Did flag 1 have four triangles of blue, white, red, yellow?That is the P&O house flag

If flag 2-3 was white and red (vertical), that is the H flag meaning "I have a pilot on board".

Flag 5 is the Australian National Flag, i.e. a UK Blue Ensign with the southern cross added. Not sure if the Australian National Flag should be described as a defaced blue ensign or not.

"Dawn Princess" is a commercial vessel so, according to your criterion, she should have been flying the Australian Red Ensign (see above comment re "defaced"), but this topic has arisen in the past and apparently it is now OK for ships to use the blue national flag as a courtesy flag even if I don't like it.

Mad Landsman commented (#*) that the ship may not have the correct flag on board but a ship regularly visiting Australian ports should have one, you'd think. However, a British ship manned by Italians and Filipinos probably doesn't give a fish's t1t.

John T

PS If the ship was arriving from overseas, she should also have been flying the yellow Q flag meaning "my vessel is healthy", otherwise there was a fair chance she was carrying herpes, AIDS and the Common Cold.


----------



## Stephen J. Card (Nov 5, 2006)

I have seen a few 'interesting' flags on some of the Saga ships. 

Malta ensign or Bahamas ensign (depending which ship) on the stern of the gaff when underway. Pilot flags, Q, Saga houseflag and courtesy flags.... all quite correct.

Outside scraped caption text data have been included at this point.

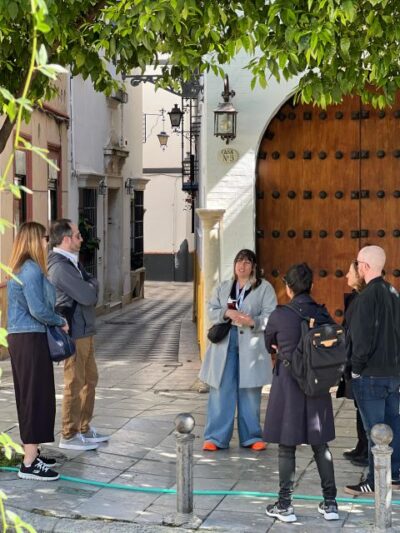 Small Group Jewish Quarter Tour with Tapas & Drinks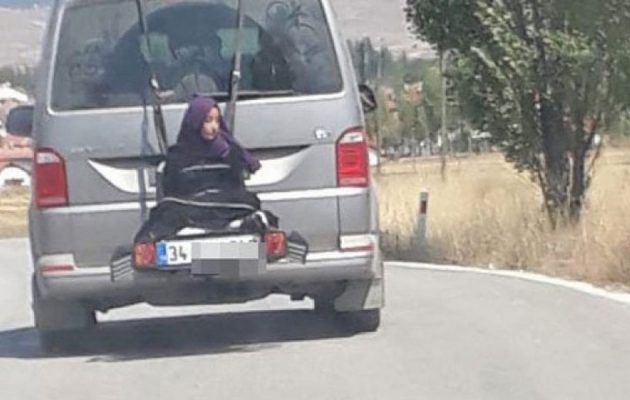 Απίστευτο: Τούρκος έδεσε την 13χρονη κόρη του στο πίσω μέρος του αυτοκινήτου (βίντεο)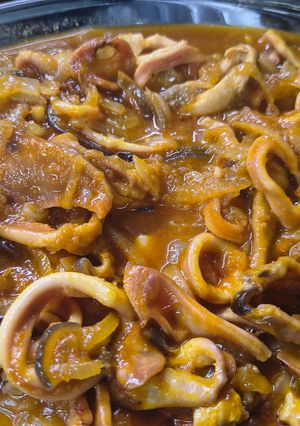 Una foto de Calamares Encebollados 🦑🦑🧅🧅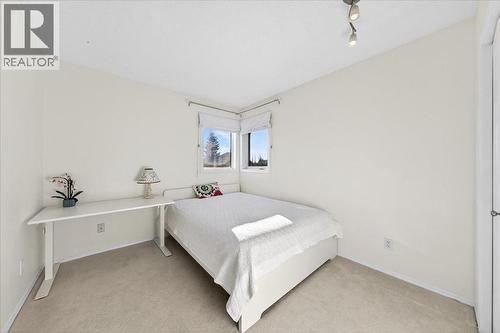 3rd bedroom - 137 Woodbrook Road Sw, Calgary, AB - Indoor Photo Showing Bedroom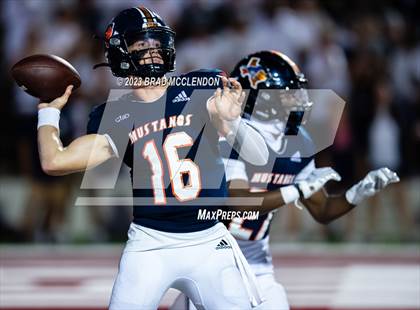 Thumbnail 2 in Rowlett vs Sachse photogallery.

But there us always an extra on the yard like the following:

1. Blue ensign on the yard... Captain RNR

2. Flag of St David on the yard.... Captain David Warden-Owen

3. Cornish ensign on the yard... Cornish Captain!

4. One extra event. Greenland, Bahamas ensign, Saga houseflag. I gave a plain flag St Perrins to the Captain. He also flew the Cornish ensign on the yard. The plain flag was hoisted as a stem jack. Made this painting while I was on board. OK... all just in good fun. Who would ever understand. Well, someone in head office saw it and asked a few questions. The painting with the flags as shown stayed as it was. ;-)


----------



## David Wilcockson (Jul 10, 2005)

Stephen, may I congratulate you on the fantastic painting of the Liberty Ship Blijdendyk that is onboard the Eurodam, nostalgia indeed.


----------



## Laurie Ridyard (Apr 16, 2014)

How to fold a flag.....


https://www.facebook.com/photo.php?fbid=10156987533405123&set=p.10156987533405123&type=3&theater

Laurie.


----------



## Stephen J. Card (Nov 5, 2006)

Thanks David. I like the ARNHEM in the distance. Might be HAL paintings but I always try to slip in a red ensign here and there. ;-)

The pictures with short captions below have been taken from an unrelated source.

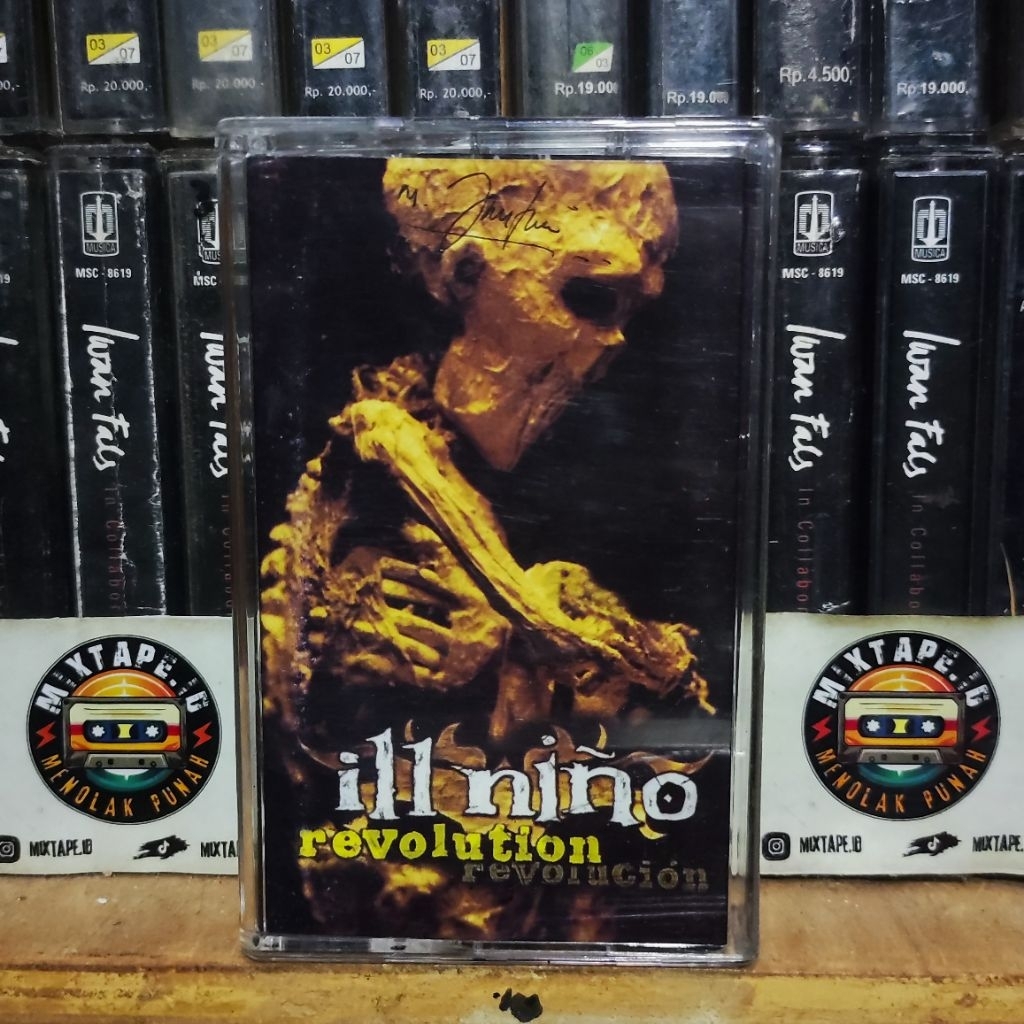 Kaset Pita - ill nino - Revolition - Revolución - Radio Tape - Kaset - Radio - Pemutar Kaset - Retro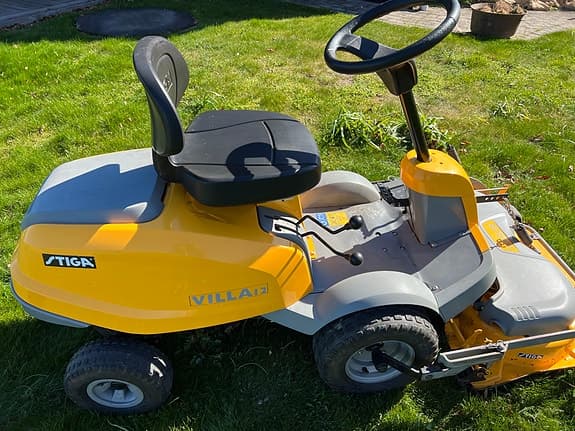 Åkgräsklippare Stiga Villa 12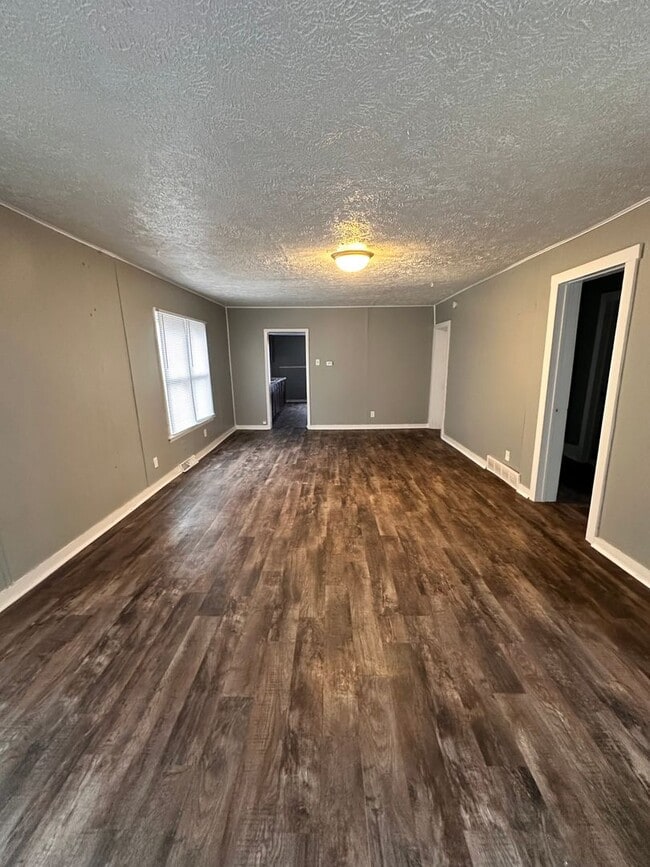 Building Photo - 2Bed/1Bath Home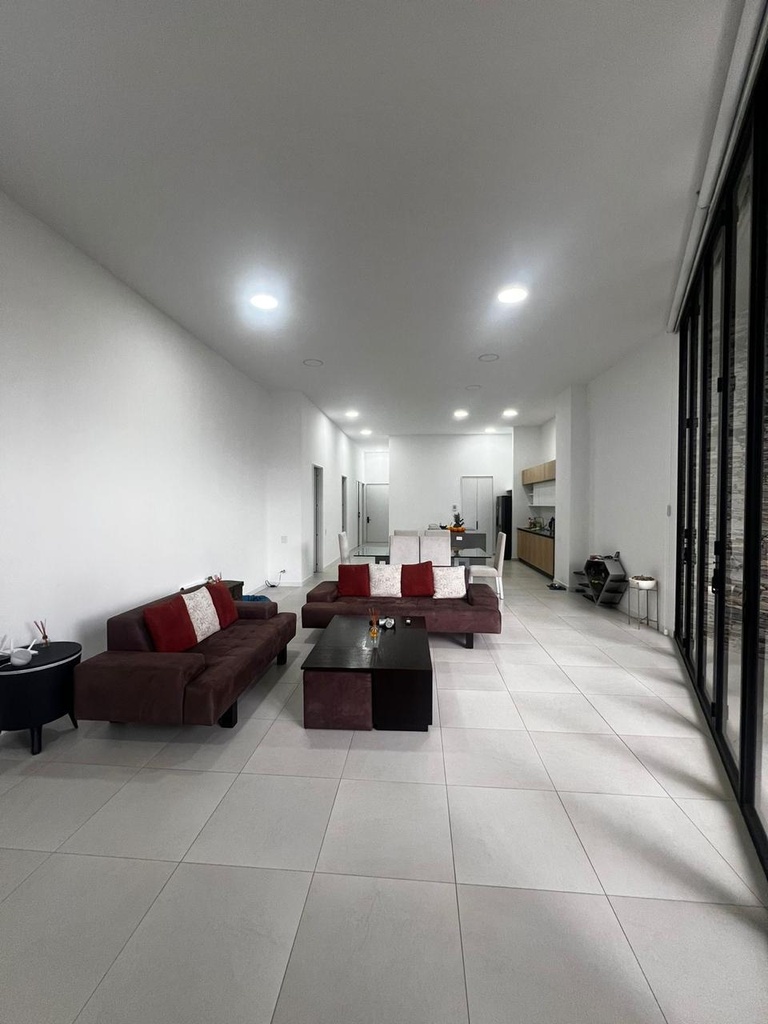 Departamento Amplio de 3 Dormitorios en Alquiler Sector Cumbayá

Hope you enjoyed EURODAM. Fine ship. No doubt. 

Stephen


----------



## Stephen J. Card (Nov 5, 2006)

Laurie Ridyard said:


> How to fold a flag.....
> 
> 
> https://www.facebook.com/photo.php?fbid=10156987533405123&set=p.10156987533405123&type=3&theater
> ...



I didn't expect this one!


----------



## John Campbell (Aug 30, 2005)

It is now becoming common place, for foreign flagged vessels visiting Scotland, to fly the Saltire instead of the proper"Courtesy" flag which is the Red Ensign.
I was amused to hear a remark from a group of Shetland Mariners ,who were standing on the quayside as a Portuguese cruise liner berthed, that this vessel was flying a Saltire and not the Red Ensign . They said this is Shetland not Scotland and she should be properly flying the Red Ensign anyway.


----------



## trotterdotpom (Apr 29, 2005)

Funny how the Scots think Shetland is in Scotland but the Shelties don't. A bit like the Scots think that most Australians don't think Scotland is in England.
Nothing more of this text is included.